Austin Hearst (left) and Geoffrey Leeds (right). Just as Geoffrey used to be able to drink almost anyone under the table, we expected him to outlive us all.

He was an exuberant athlete, and if he had to fly in a plane he preferred his own, a vintage Steerman. He was also an excellent rider, and skied every great mountain from Sun Valley to St. Moritz. If you heard someone yelling “Yahoo!” at full voice, you knew it had to be Geoffrey. Besides skiing them, he also climbed a few big ones in his day. One of his last was an expedition to Mount Langtang in Nepal with former New Yorker and London ex-pat, old friend, Cheever Hardwick. 

Geoffrey Leeds with Beth Dewoody and Emilia Fanjul at a party in Palm Beach for Kooki Fallah, March 2008.

Geoffrey and I grew up together in New York City and met when we were both still in school. When I think of him, I see the embodiment of the best of New York in the ’60s and ’70s. He was a fun person to be with, tall and handsome, sophisticated and smart, with loads of charm, and he was a witty raconteur who could talk with ease to anyone about anything when conversation was no longer an art.

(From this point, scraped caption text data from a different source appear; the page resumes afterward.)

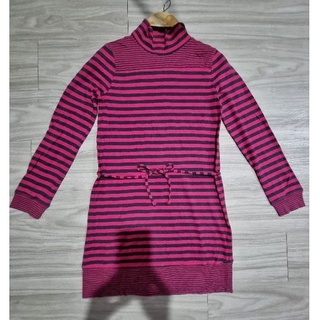 OLDNAVYเดรสคอเต่าแขนยาวสีชมพูบานเย็นเทาไซส์L/G(10-12)อก34สะโพก36ยาว31(งานมือสอง)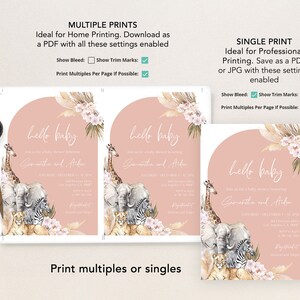 Puede incluir: Una invitaci&oacute;n de baby shower imprimible con un fondo rosa y un dise&ntilde;o semicircular. La invitaci&oacute;n presenta una jirafa, un elefante, una cebra y un le&oacute;n con un dise&ntilde;o floral. El texto de la invitaci&oacute;n dice "hello baby Samantha y Aiden".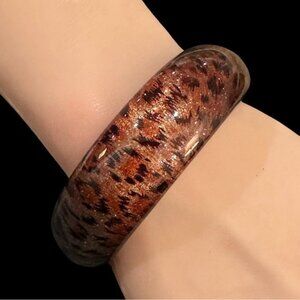 Leopard Print Bangle Bracelet With Glitter Accents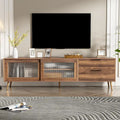 Meuble TV moderne pour téléviseurs de 75 pouces et plus, console TV avec 2 portes vitrées, meuble TV avec 2 tiroirs et armoire de rangement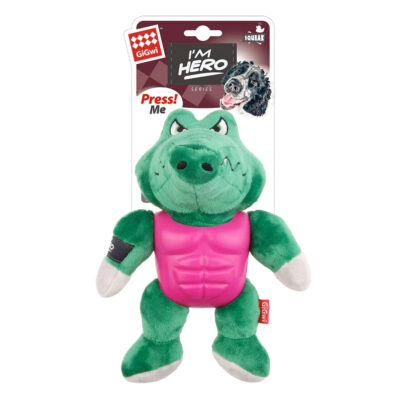GiGwi Im Hero Armor Alligator TPR / Plush with Squeaker Dog Toy - Image 6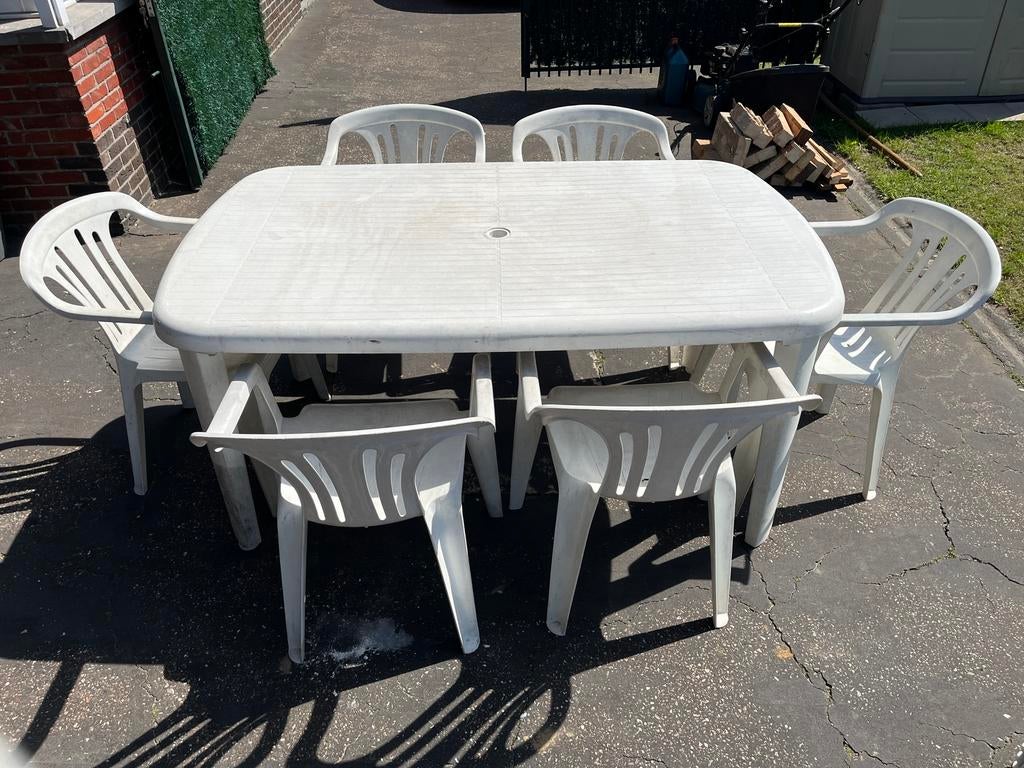 Tuintafel set, Ophalen, Kunststof, Gebruikt, Meer dan 8 zitplaatsen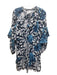 Misa Size Small Navy, Blue, White Viscose Long Balloon Sleeve Floral Dress Navy, Blue, White / Small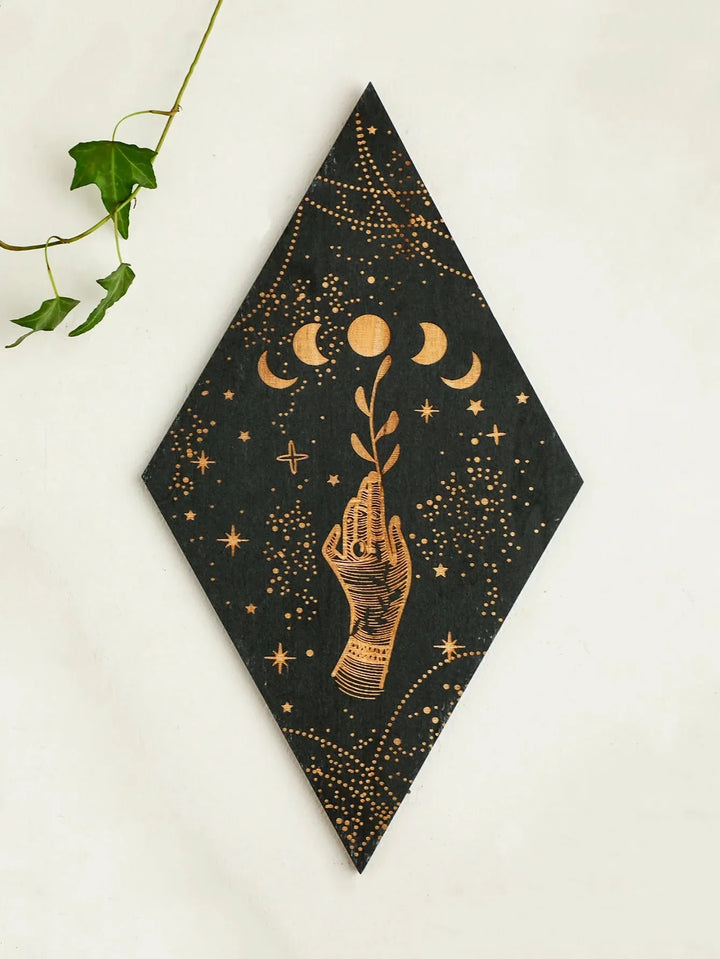 Stornfield | Black Moon Phases Wooden Wall Decor Rhombus Wall Art Boho Home Witchy Tapestry Decor Room Decor Aesthetic Gift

In those days, party was still a noun not a verb and when society “went out,” they went “in” to opulent places like El Morocco and the Stork Club, or “slumming” in bars and after-hours hideaways like PJ Clarke’s on Third Avenue.

Geoffrey was a familiar figure on the dance floor of El Morocco and could have been a reincarnation of Fred Astaire. When the orchestra spied him, they would play one of his favorite Cole Porter tunes. Women loved him and he loved them and many beauties aspired to become the Ginger to his Fred. He also loved Russian song and dance and when he ran into his old friend, Prince Serge Obolensky, after downing a great bottle of champagne, they would serenade whatever place they were in with a gusty rendition of “Ochi Chornaya” often followed by a spirited Russian folk dance.

In later years, he moved back to his old passion, the ocean, and acquired a beach cottage steps from the water in Florida. There he could finally indulge his passion for buying, selling, and restoring vintage and classic cars.

He remained handsome, witty, and urbane to the end. There is a wonderful saying that a person doesn’t truly die until the last person who remembers him dies. Geoffrey was a remarkable and charismatic character, a true original, who will long be remembered.